Juan Seguer y Guitián rodaron y terminaron en sitios distintos. Las linternas volaron por el aire y se apagaron al golpear contra el piso.
—Mario —llamó Seguer.
—Aquí estoy —respondió él unos metros atrás.
Seguer iba a levantarse para caminar hasta su compañero, pero algo se movió a su izquierda, muy cerca. Sintió una respiración pesada y sostenida. El terror lo congeló, no dijo más nada; si hubiera podido, habría detenido el corazón para hacer menos ruido. El ser permaneció a su lado unos segundos y luego por algún motivo se alejó. Seguer lo escuchó deslizarse, viscoso, en la oscuridad.
Por un rato todo pareció calmo y se incorporó.
Entonces sonaron dos disparos y escuchó que Mario hablaba en voz alta unas palabras. Insultos, primero. Después gritó y le pidió ayuda. Aquello lo había atrapado y lo arrastraba. Juan Seguer podía oír cómo se lo llevaba, haciendo rebotar su cuerpo entre los tablones. Mario chillaba desesperadamente y él tanteaba por todas partes buscando la linterna.
De pronto se hizo el silencio. Seguer se quedó rígido otra vez. Hubo un último grito de Mario Guitián y empezaron los chasquidos.

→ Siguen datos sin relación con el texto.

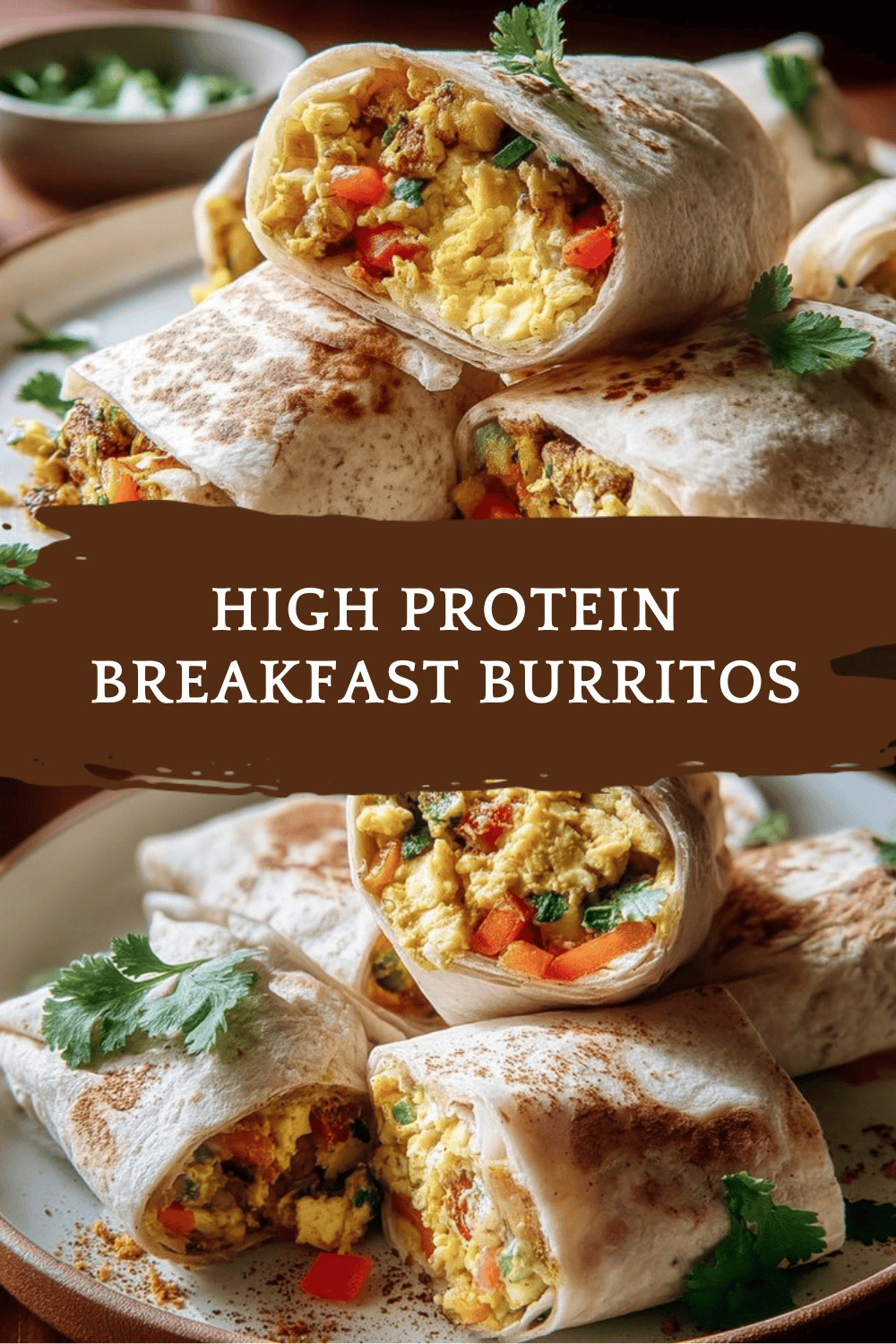 High Protein Breakfast Burrito Recipe 7 High Protein Breakfast Burritos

Era como si una boca muy grande estuviera masticando.
Juan Seguer se puso de pie y corrió hacia la escalera. Quiso bajar; las piernas no le respondieron y se precipitó desde cinco metros de altura. Se rompió un brazo y varias costillas. Pero aun así logró huir.
A la mañana siguiente, la policía fue a investigar al galpón y no encontró nada.

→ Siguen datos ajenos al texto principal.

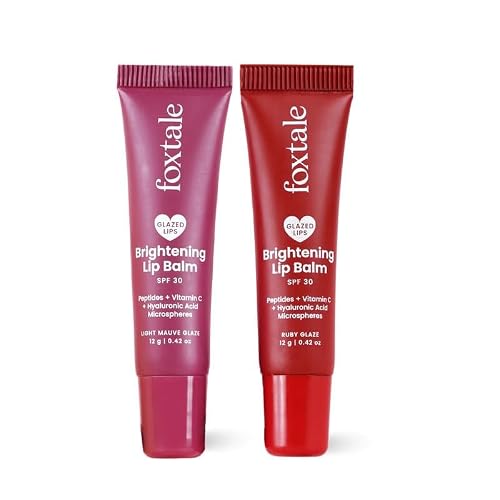 Foxtale SPF 30 Brightening Lip Balm for Dark Lips with Peptides & Vitamin C | Brightens Pigmented Lips | Hydrates Lips | SPF Lip Balm | Pack of 2 | Beauty & Personal Care FoxTale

El comisario pensó que Seguer se había emborrachado en algún almacén y se había imaginado la historia.
Sin embargo, el hombre insistía en que la señora Ortiz había limpiado todo y ocultado al bicho en otra parte. Suplicaba que revisaran los sótanos del ingenio.

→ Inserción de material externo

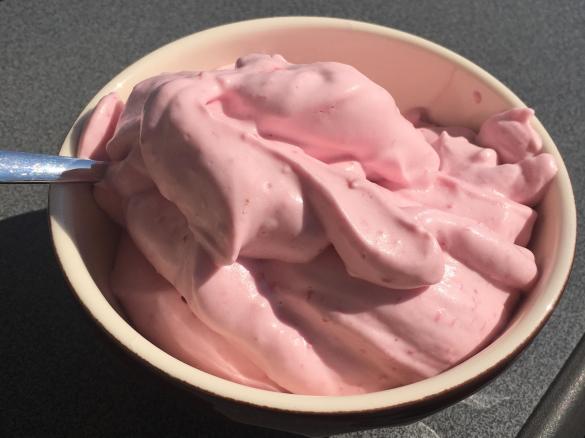 Eiweiß Protein Frucht Fluff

La viuda aseguraba que, al rato de que él escapara corriendo, Mario Guitián bajó con una comadreja en la jaula, cobró el dinero y se fue tranquilamente.
Sollozando por la angustia, Juan intentaba hacerles entender que Guitián estaba muerto, que lo había devorado el demonio, y que el plan consistía en que los comiera a los dos. Que no estaba previsto que él sobreviviera.
Esa chica
Cada vez que lo tocaba con la rama seca, el animalito movía sus patas alocadamente y se desplazaba en el charco que había dejado la bajamar. Gruvi lo perdió de vista mientras cruzaba el reflejo del sol y lo alcanzó de un salto en la otra orilla.
—Papi, mami, vengan a ver una estrella de mar que baila.
El matrimonio Arcaréndola se acercó arrastrando las bolsas llenas de almejas que empezaban a sacar sus tubos como periscopios y reconocían el nuevo domicilio.
—Cierto —dijo el hombre—. ¿Será comestible?
La señora le apretó con los dedos el rollo principal que colgaba del pantalón de baño.
—Es suficiente con las almejas, Ruben.
—Nunca es suficiente —dijo el hombre mirando hacia el horizonte, y fingiendo solemnidad sentenció:
—El mar esconde delicias desconocidas y no pienso irme sin probarlas todas.
—¿Qué hace Marito? —preguntó la mujer.
—En la combi.
—¿Con este sol? Ese muchacho es demente. Gruvi, andá a llamarlo. Que venga a bañarse.
—Uh, mamá —gimoteó el chico—. Seguro que está escuchando música y si lo molesto se la va a agarrar conmigo.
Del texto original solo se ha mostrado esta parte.